I implemented Montgomery multiplication with all data in registers. Data size for Montgomery is 3*s+4 where s is operand size, equals 32 for 1024-bit modulo. So for s=32 Montgomery algorithm uses exactly 100 registers. Lim-Lee exponentiation takes some registers, too. So overall count of register variables is about 105. Ptxas information for 1.3 code:
ptxas info : Used 106 registers, 5136+0 bytes lmem, 48+16 bytes smem, 264 bytes cmem[1]
When I set arch to sm_20, register spilling occurs and not more than 63 registers are used. When arch=sm_13, one mul.{hi,lo}.32 instruction is substituted with multiple instructions which perform poorly on 2.0 device. I did not actually inspect resulting code, trusting documentation that comes with CUDA toolchain.
In both cases (sm_13 or sm_20), the code is crippled.
My questions are:
Where does the upper limit of 63 comes from? How do I unset this limit?
How do I compile my code without substituting one fast instruction with multiple slow instructions and spilling heavily-used registers?
Are there any tools (beside NVIDIA CUDA toolchain) that convert CUDA C/asm into .exe or .o? I use Linux if it matters.
Code for compute capability 1.x is never directly executed on compute capability 2.x devices, because they aren’t able to do that. What instead happens behind the scene is that the driver takes the PTX representation of your code and dynamically recompiles it for compute capability 2.x. PTX code however does not care for the number of registers at all. So some other difference in the PTX representation for compute_13 and compute_20 must be responsible for the speed difference you see.

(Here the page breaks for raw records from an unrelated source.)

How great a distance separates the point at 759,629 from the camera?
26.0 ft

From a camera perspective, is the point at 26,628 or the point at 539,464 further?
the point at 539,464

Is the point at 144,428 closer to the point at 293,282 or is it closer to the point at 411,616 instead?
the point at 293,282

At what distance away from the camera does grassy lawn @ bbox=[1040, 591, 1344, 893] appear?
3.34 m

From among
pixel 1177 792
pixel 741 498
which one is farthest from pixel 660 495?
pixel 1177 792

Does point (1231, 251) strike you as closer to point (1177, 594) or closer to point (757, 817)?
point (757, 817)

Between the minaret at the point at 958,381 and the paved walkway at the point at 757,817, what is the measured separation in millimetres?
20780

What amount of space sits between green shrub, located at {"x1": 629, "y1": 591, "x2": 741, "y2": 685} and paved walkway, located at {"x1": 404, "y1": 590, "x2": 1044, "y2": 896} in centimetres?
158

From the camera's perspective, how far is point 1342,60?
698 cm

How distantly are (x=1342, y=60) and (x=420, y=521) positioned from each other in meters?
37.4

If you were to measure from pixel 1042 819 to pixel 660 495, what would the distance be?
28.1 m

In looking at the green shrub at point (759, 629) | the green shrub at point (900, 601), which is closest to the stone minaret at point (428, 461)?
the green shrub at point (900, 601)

In the special case of CUDA 4.1, this is most likely due to the different choice of compilers for compute capability 1.x and 2.x. 1.x code is by default compiled using an Open64-derived compiler, while 2.x code is compiled using an LLVM-based compiler. You can however manually choose the compiler using [font=“Courier New”]-open64[/font] and [font=“Courier New”]-nvvm[/font] flags to nvcc respectively. This is what I recommend doing in your case.
You can see the actual code that is executed on your device by using [font=“Courier New”]cuobjdump -sass[/font], but keep in mind only sm_20 or sm_21 compiled code will ever execute on your device.
To answer your questions:
You cannot use more than 63 registers in sm_20 compiled code because the architecture just doesn’t have more. There aren’t any more bits to encode more registers in the binary instruction format.

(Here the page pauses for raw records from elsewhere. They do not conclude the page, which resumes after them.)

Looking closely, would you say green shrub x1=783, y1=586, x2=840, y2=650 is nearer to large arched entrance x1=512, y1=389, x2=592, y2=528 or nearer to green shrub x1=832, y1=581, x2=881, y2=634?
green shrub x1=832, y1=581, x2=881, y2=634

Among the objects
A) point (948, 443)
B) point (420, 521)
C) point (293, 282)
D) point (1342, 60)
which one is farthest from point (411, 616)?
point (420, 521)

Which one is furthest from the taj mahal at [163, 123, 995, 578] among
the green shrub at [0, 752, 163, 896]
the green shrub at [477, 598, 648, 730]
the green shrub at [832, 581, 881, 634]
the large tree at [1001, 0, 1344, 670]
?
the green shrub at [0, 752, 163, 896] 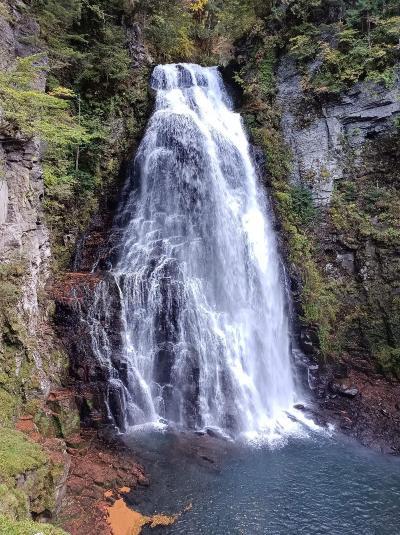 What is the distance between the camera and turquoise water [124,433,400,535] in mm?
7230

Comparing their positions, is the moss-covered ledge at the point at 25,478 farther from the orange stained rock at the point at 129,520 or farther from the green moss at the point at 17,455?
the orange stained rock at the point at 129,520

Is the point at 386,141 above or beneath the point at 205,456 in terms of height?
above

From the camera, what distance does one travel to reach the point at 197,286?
12117 millimetres

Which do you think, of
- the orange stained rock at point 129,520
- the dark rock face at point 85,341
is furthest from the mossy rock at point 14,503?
the dark rock face at point 85,341

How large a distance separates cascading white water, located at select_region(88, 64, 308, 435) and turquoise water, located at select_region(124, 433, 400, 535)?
1.22 m

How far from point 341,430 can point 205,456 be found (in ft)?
13.6

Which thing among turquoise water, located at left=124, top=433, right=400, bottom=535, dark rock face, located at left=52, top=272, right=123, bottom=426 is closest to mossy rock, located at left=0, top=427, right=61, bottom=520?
turquoise water, located at left=124, top=433, right=400, bottom=535

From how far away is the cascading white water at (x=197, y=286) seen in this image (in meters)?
10.7

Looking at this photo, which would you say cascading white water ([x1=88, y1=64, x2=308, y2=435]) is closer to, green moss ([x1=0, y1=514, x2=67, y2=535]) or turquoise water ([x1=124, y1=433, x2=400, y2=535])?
turquoise water ([x1=124, y1=433, x2=400, y2=535])

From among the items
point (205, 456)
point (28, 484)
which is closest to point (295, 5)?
point (205, 456)

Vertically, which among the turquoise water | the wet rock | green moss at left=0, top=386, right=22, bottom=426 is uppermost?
green moss at left=0, top=386, right=22, bottom=426

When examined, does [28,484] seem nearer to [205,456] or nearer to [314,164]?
[205,456]

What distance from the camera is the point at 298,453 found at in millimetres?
9469

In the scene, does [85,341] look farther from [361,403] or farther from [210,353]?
[361,403] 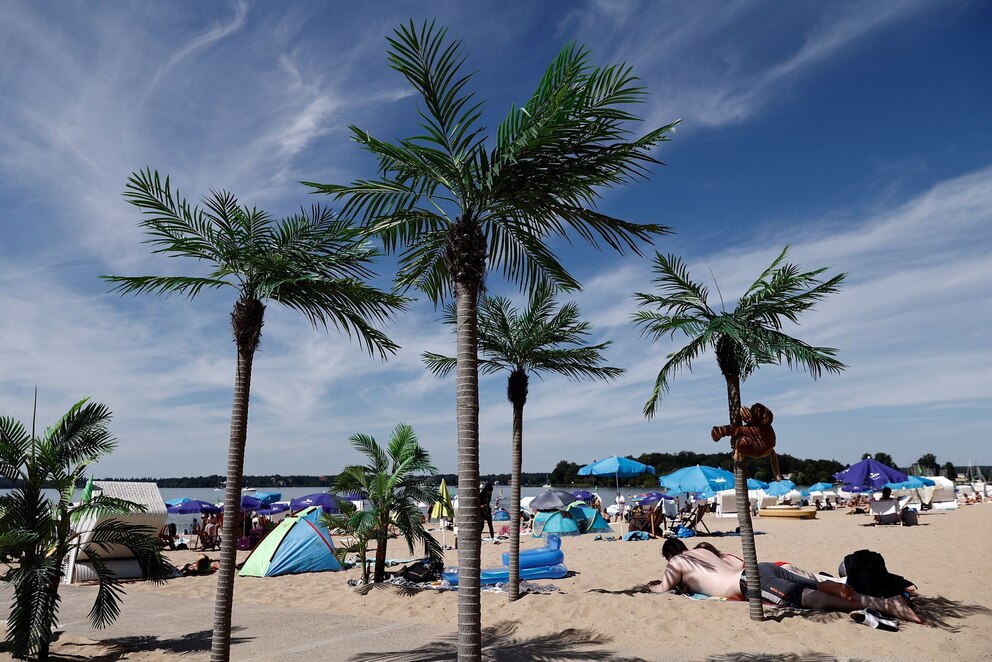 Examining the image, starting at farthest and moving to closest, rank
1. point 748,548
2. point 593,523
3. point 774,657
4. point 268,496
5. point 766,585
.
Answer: point 268,496
point 593,523
point 766,585
point 748,548
point 774,657

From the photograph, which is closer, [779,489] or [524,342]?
[524,342]

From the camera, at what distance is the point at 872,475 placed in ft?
87.6

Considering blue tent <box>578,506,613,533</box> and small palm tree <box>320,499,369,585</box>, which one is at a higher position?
small palm tree <box>320,499,369,585</box>

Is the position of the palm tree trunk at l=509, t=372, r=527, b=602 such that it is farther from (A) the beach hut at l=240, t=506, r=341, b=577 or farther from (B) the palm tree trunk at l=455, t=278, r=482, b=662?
(A) the beach hut at l=240, t=506, r=341, b=577

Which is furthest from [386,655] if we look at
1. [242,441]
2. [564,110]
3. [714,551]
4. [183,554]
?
[183,554]

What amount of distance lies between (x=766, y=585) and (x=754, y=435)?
7.85ft

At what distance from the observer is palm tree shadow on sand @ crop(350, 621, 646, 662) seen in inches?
302

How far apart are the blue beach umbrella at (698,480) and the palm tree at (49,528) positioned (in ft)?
64.4

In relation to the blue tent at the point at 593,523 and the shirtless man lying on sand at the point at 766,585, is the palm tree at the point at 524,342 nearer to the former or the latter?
the shirtless man lying on sand at the point at 766,585

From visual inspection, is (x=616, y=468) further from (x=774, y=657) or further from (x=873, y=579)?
(x=774, y=657)

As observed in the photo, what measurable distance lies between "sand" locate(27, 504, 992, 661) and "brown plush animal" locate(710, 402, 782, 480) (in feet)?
7.09

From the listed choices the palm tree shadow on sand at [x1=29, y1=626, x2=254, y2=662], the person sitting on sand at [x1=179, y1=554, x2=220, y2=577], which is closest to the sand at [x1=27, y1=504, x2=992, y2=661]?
the palm tree shadow on sand at [x1=29, y1=626, x2=254, y2=662]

Multiplication instructions most likely do not transformed into multiple machine instructions in your case, because that is done by ptxas only when compiling for compute capability 1.x. However, code for compute capability 1.x does not run on your device at all.

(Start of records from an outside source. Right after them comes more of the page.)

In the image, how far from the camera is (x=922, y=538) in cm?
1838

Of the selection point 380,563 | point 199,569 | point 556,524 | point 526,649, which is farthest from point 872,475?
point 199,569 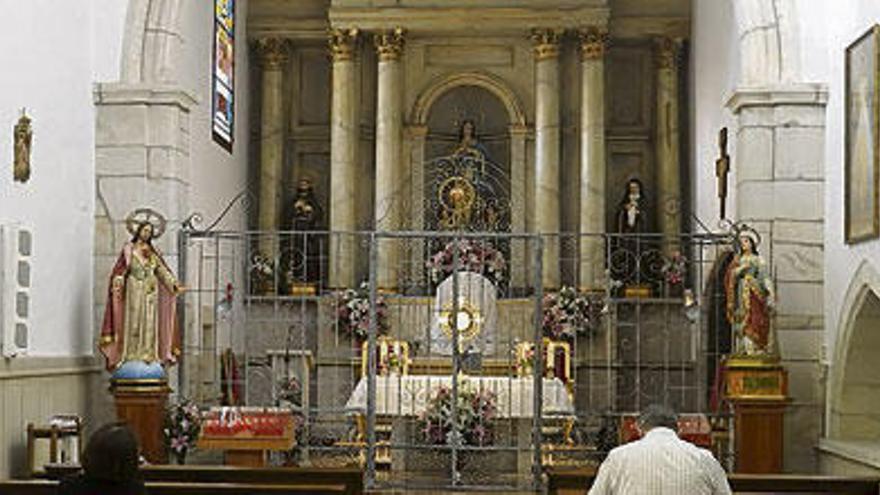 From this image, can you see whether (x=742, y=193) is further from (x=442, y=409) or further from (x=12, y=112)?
(x=12, y=112)

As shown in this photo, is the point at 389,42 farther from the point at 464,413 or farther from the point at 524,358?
the point at 464,413

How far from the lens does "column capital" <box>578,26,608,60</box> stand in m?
20.2

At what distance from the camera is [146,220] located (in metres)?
14.0

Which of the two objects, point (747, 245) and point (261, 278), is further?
point (261, 278)

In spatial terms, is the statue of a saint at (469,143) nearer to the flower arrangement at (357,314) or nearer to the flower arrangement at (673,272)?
the flower arrangement at (357,314)

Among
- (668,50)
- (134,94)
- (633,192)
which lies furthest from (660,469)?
(668,50)

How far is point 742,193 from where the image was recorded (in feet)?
46.5

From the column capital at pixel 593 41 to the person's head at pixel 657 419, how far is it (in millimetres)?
13271

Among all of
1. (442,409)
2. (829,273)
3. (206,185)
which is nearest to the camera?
(829,273)

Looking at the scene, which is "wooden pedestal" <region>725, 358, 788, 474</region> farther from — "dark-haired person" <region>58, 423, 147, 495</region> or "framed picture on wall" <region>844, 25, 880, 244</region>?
"dark-haired person" <region>58, 423, 147, 495</region>

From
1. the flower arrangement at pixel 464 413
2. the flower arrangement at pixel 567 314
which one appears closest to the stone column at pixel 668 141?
the flower arrangement at pixel 567 314

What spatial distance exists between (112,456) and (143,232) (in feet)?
26.5

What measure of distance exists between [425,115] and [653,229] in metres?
3.28

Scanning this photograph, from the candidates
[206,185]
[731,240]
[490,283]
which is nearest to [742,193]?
[731,240] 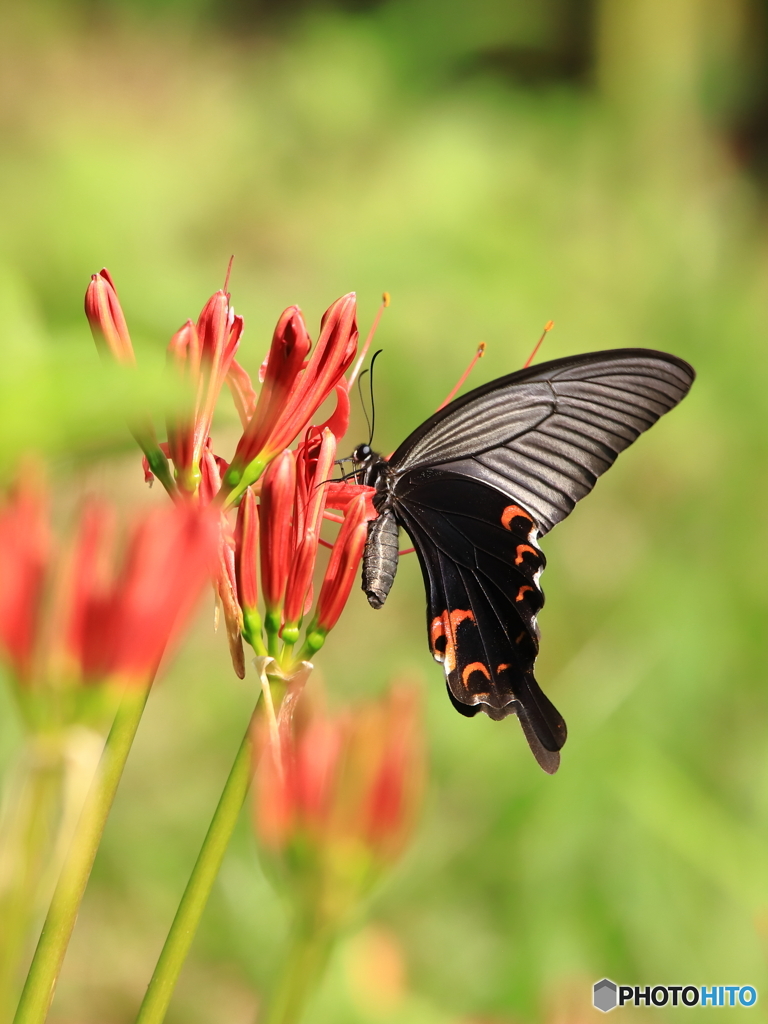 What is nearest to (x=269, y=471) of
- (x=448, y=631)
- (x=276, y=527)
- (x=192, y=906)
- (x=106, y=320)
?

PGI has commercial compilers but given my answers to 1) and 2) I don’t see how this would help you.
My PTX code plus PTX code made from C code is present inside executable… and is seems to use lots of registers… and it is dynamically compiled into assembler suitable for Fermi, within fraction of second… resulting code is faster than code made ptxas/cicc…
Either the dynamic compiler is very good, or the static compiler is very bad
I did more benchmarks with 4.1.28 and earlier versions. Results are
ver/flags CC productivity
41.28 -open64 13 4.39e5
41.28 -open64 20 4.47e5 winner
41.28 -nvvm 13 3.32e5
41.28 -nvvm 20 3.31e5
40.17 13 4.38e5
40.17 20 4.12e5
32.16 13 4.41e5 2nd place
32.16 20 4.11e5
Looks like my code is liked by nvcc -open64 -arch=sm_20 only. All other static compilers produce code worse than dynamic PTX compiler. nvcc -nvvm spends more than 9 minutes and produces very slow code. Compilation time for nvcc -open64 -arch=sm_20 is 22 seconds.